**Goal of the exercise**
Set down, exactly and with nothing added, the lines running from the one that holds "Jexine Peanut Ball" to the final line of the records. Pictures stay out of the copy.

**Information given**

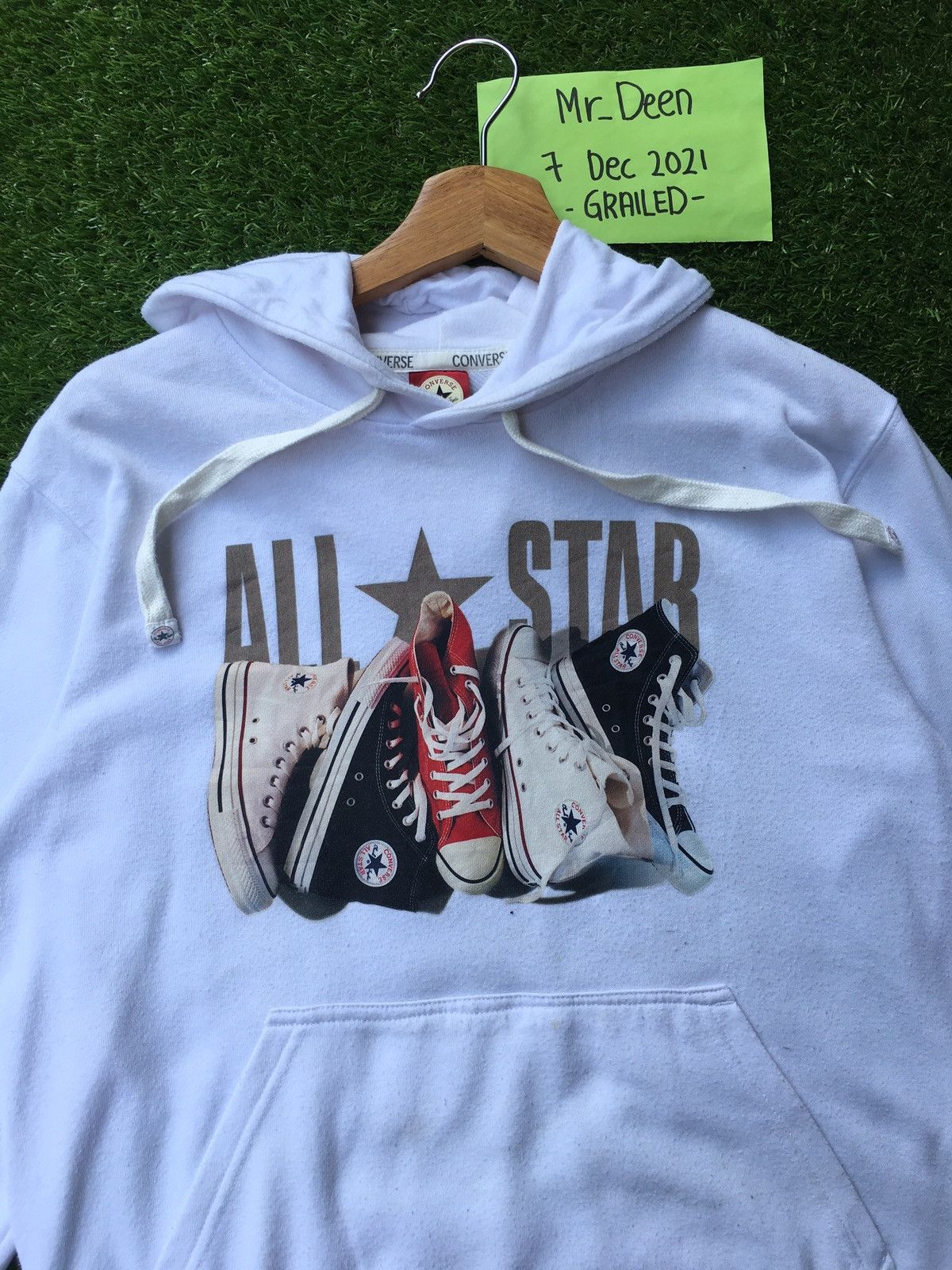 image of Converse All Star Big Shoes Logo Printed Hoodie in White, Men's (Size Medium)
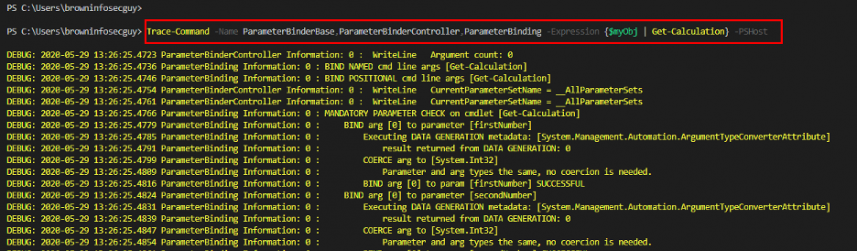 Screenshot: Using Trace-Command to examine parameter binding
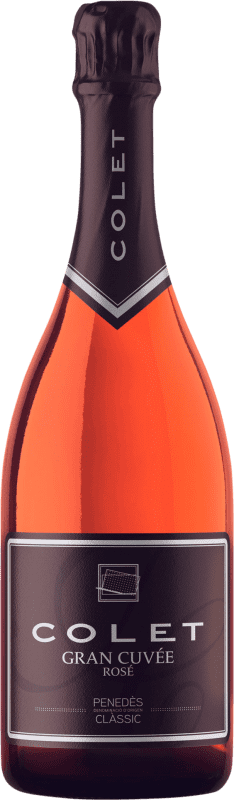12,95 € Free Shipping | Rosé sparkling Colet Gran Cuvée Rosé Extra Brut Reserve D.O. Penedès Catalonia Spain Merlot, Pinot Black Bottle 75 cl
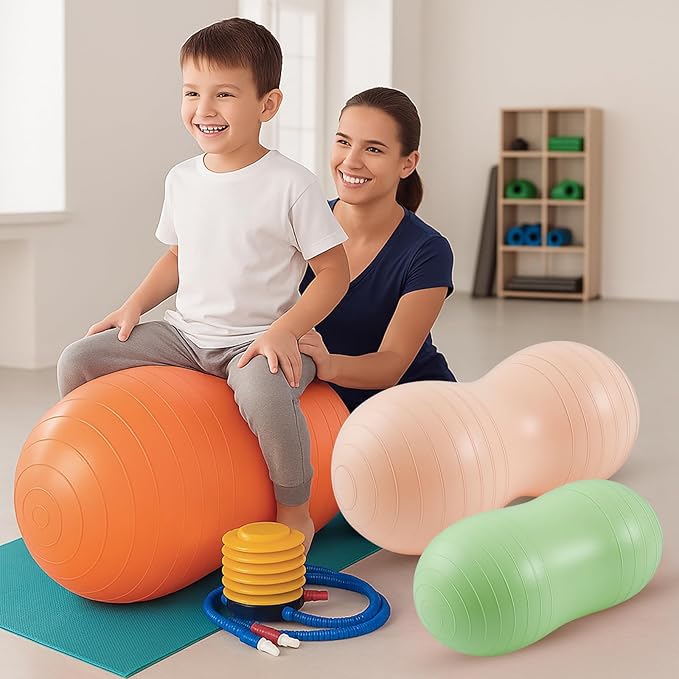 Jexine Peanut Ball for Kids Therapy - 3-Piece Anti-Burst Set, Yoga Balance Exercise Ball for Pregnancy & Home Gym, Includes 1 Pump & 3 Size Options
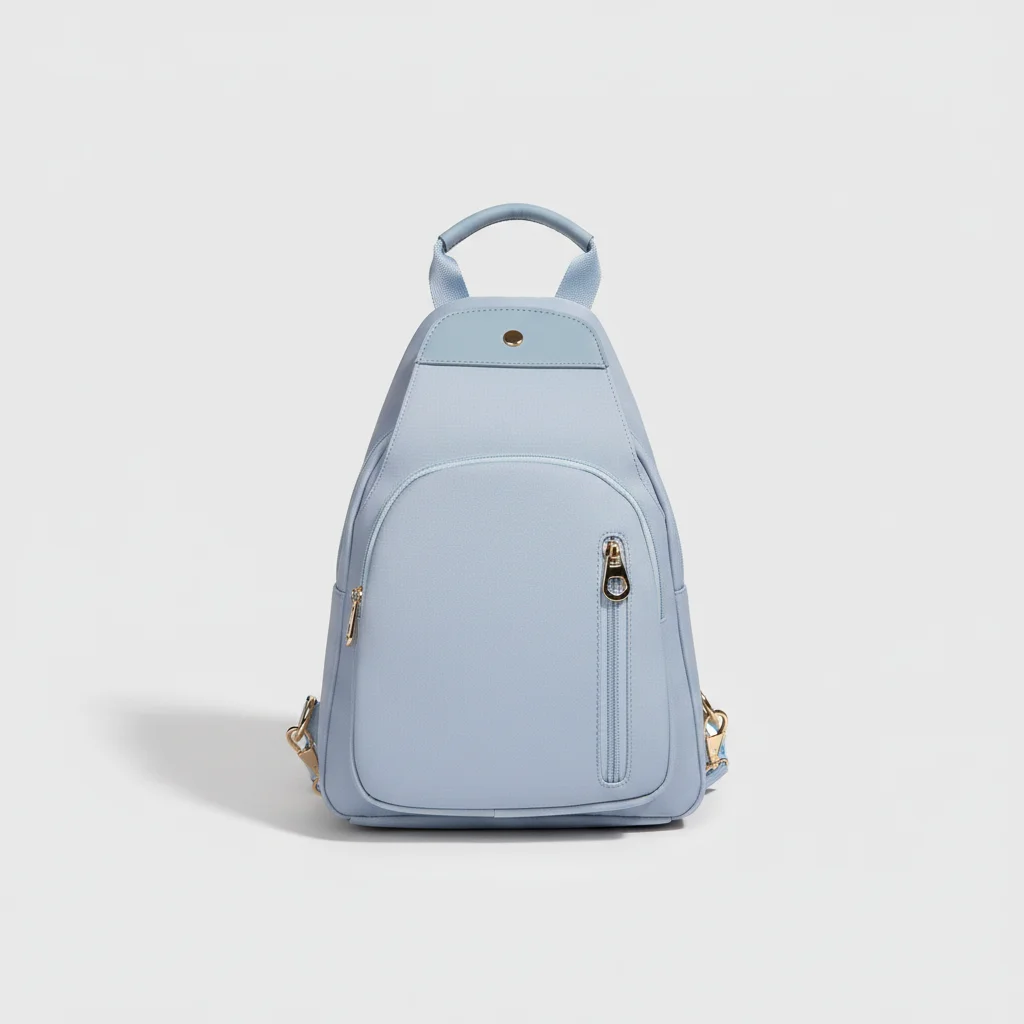 Petit sac à dos femme bleu ciel oxford - Vue 35 - petit sac à dos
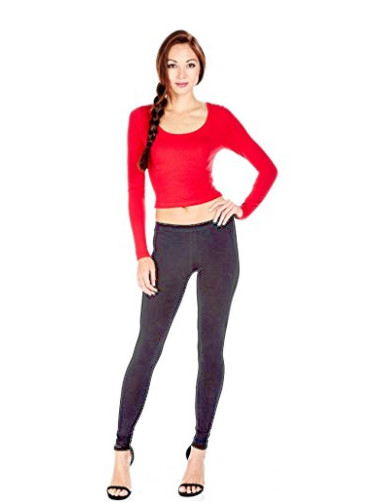 Plain Basic Solid Cotton Ankle Length Long Full Leggings Junior & Plus Size S-3X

**Response area**
 Jexine Peanut Ball for Kids Therapy - 3-Piece Anti-Burst Set, Yoga Balance Exercise Ball for Pregnancy & Home Gym, Includes 1 Pump & 3 Size Options
 Petit sac à dos femme bleu ciel oxford - Vue 35 - petit sac à dos
 Plain Basic Solid Cotton Ankle Length Long Full Leggings Junior & Plus Size S-3X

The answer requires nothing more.